Directed by Danish Nicolas Winding Refn, Drive a film of a very specific sort of beauty. The aesthetic is very detached, but it is that very detachment that manages to help us identify with the protagonist of the film, because he himself is coldly detached. The movie follows a man whose major characterization is driving around and listening to pop music.

We never learn the name of the protagonist driver, played by Ryan Gosling. Like the stereotypical western Man with No Name, the driver is more an archetype than an actual character. We aren’t meant to identify with the driver so much as watch him in a way that is as detached as the way he no doubt experiences the world. He is almost always calm and collected. What we learn throughout the course of the movie is that when that self-control is lost, the man is a beast, willing to perform any act to get revenge or justice.

All this is filmed with transcendent beauty and style. If one is to simply describe the plot of Drive, it may be possible to sell the movie, but to entirely the wrong audience. The movie transcends its genre of heist-movie-turned-revenge-thriller completely, the same way that Ryan Gosling’s character transcends that of a common criminal (which he is, talented though he may be). Certain scenes, which would be nothing short of disgusting, are instead breathtakingly beautiful. This isn’t because they are filmed in slow motion, which they sometimes are. Slow motion is typically done to be cool, to show masterful precision on the part of the characters, to show their straining muscles in great detail. One gets the impression that when this is used in Drive, it is rather to show that time really does seem to slow in intense moments.

The soundtrack, which consists largely of slow, deliberate pop songs, fits perfectly with the setting and the characterization. The music, also, transcends the confines of its genre when coming into play with the images on the screen, creating very memorable sequences where the music and the visuals are inseparable.

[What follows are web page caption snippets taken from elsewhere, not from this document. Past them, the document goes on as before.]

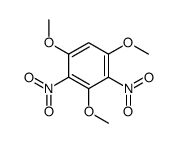 1,3,5-三甲氧基-2,4-二硝基苯 结构式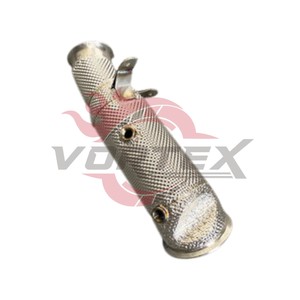Tubo de Escape de Alto Flujo de Acero Inoxidable Vortex, Compatible con BMW M135i M235i 335i 435i M2 N55 3.0T Performance - Product Image 2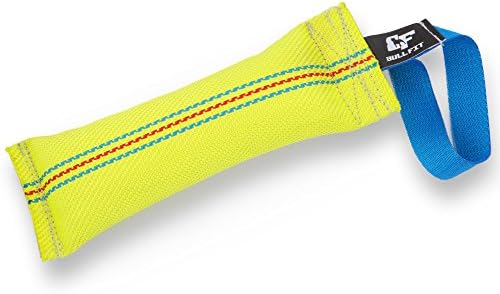 Dog Bite Tug Toy 12 inches - Durable, Interactive Toys for Medium to Large Dogs - Perfect for Tug of War, Fetch & Puppy Training - Safe Fire Hose Dog Tug with Strong Handle - Tough Floating Pull Toy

The supporting actors are worth noting as well – Carey Mulligan plays the love interest for the protagonist in a way that appropriately expresses a genuine fragility. The part is tough because in truth she isn’t given very much to do in the film, she needs to play in a fairly confined role of a very confined woman. However, the character comes off as very real in her portrayal, which is certainly commendable. The other characters are similarly confined in their roles, but none come off as unconvincing. Ron Perlman is, as usual, very enjoyable in his role as a gangster who was never accepted the way he wanted to be due to his ethnicity.